The cross entropy Loss function setting module is used for defining an optimization target as a cross entropy Loss function Loss with minimized weighting in a mapping network, wherein the cross entropy Loss function Loss comprises the attention weight matrix; wherein the cross entropy loss function ;/>Representing the weight corresponding to the ith sample in the attention weight matrix, namely weighting the loss term of each sample, wherein the higher the attention weight is, the greater the contribution of the loss to the total loss is; />True tag representing the i-th sample, +.>The model prediction output representing the i-th sample. The mapping network also maps the video multi-mode characteristics to classified output, namely video category prediction, through a full connection layer; by means of a attention weighting matrix->And adjusting sample weight, and adjusting the cross entropy Loss function Loss.
The model training module is used for training the video feature matching algorithm model and fitting the first featureAnd a second feature P t The mapping between the two is minimized, and the cross entropy Loss function Loss is minimized; evaluating the algorithm model on a test set, updating the attention weight matrix +.>Wherein by analyzing the attention weight matrix +.>Finding out samples with insufficient attention of the algorithm model so as to enhance the targeted training of the algorithm model or optimize and adjust unqualified samples from the test set according to a preset algorithm; by means of a attention weighting matrix->Adjusting the sample weight; adjusting the cross entropy Loss function Loss; and optimizing and adjusting unqualified samples from the test set according to a preset algorithm, wherein the optimizing and adjusting unqualified samples comprises determining sample prediction errors through the following formula:
(2)
Wherein,representing a sample prediction error, wherein the value range is 0-1, 0 is completely accurate, and 1 is completely wrong; />For the sample feature expression quality, the value range is 0-1, the 0 representative feature cannot be expressed completely and accurately, and the 1 representative feature expression is complete and accurate; />Marking quality of the sample, wherein the value range is 0-1, 0 represents marking errors, and 1 represents marking correctness and no errors; />For deviations of sample features from real scenes, the feature real deviations, the value range is 0 to + -infinity, and 0 is the sample characteristic which is completely matched with the real scene; />For the deviation of the sample label from the true value, the value ranges are 0 to +infinity, and 0 is completely consistent; />For sample feature learning, the value range is 0-1, the 0 representative feature cannot be learned, and the 1 representative feature can be completely learned; />Labeling the sample with a learning property;the value range is 0 to + -infinity for the real deviation of the algorithm model and the real scene, and 0 is the algorithm model to completely match the real scene; sample-based prediction error->And a threshold value optimizes the failed adjustment samples from the test set.
And the optimization completion module is used for repeatedly executing the feature extraction fusion and attention weight matrix generation module to the model training module and iteratively optimizing the video feature matching algorithm model until a result meeting the preset optimization condition is reached. In the optimization completion module, the result of meeting the preset optimization conditions comprises at least one of the following conditions: the attention weight matrix The weights in (2) are all above a preset threshold; the corpus intelligent test is optimized, and the prediction accuracy or other evaluation indexes reach the expected target; the number of samples that are out of qualification for optimal adjustment from the test set continues to decrease. />
The invention also discloses a computer readable storage medium, and the computer readable storage medium is stored with a computer program, and the computer program realizes the intelligent testing optimization method of the video corpus when being executed by a processor.

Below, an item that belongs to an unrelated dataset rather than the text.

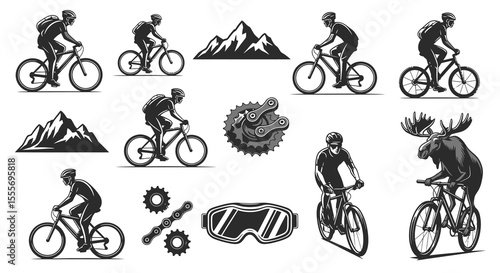 Silhouette of Cyclist Riding Mountain Bike with Backpack, Black and White.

The features of the embodiments and method are similar, and will not be described in detail.
In summary, the above embodiments are only preferred embodiments of the present invention, and are not intended to limit the scope of the present invention. Any modification, equivalent replacement, improvement, etc. made within the spirit and principle of the present invention should be included in the protection scope of the present invention.
It will be evident to those skilled in the art that the embodiments of the invention are not limited to the details of the foregoing illustrative embodiments, and that the embodiments of the present invention may be embodied in other specific forms without departing from the spirit or essential characteristics thereof. The present embodiments are, therefore, to be considered in all respects as illustrative and not restrictive, the scope of embodiments being indicated by the appended claims rather than by the foregoing description, and all changes which come within the meaning and range of equivalency of the claims are therefore intended to be embraced therein. Any reference sign in a claim should not be construed as limiting the claim concerned. Furthermore, it is evident that the word "comprising" does not exclude other elements or steps, and that the singular does not exclude a plurality. A plurality of units, modules or means recited in a system, means or terminal claim may also be implemented by means of software or hardware by means of one and the same unit, module or means. The terms first, second, etc. are used to denote a name, but not any particular order.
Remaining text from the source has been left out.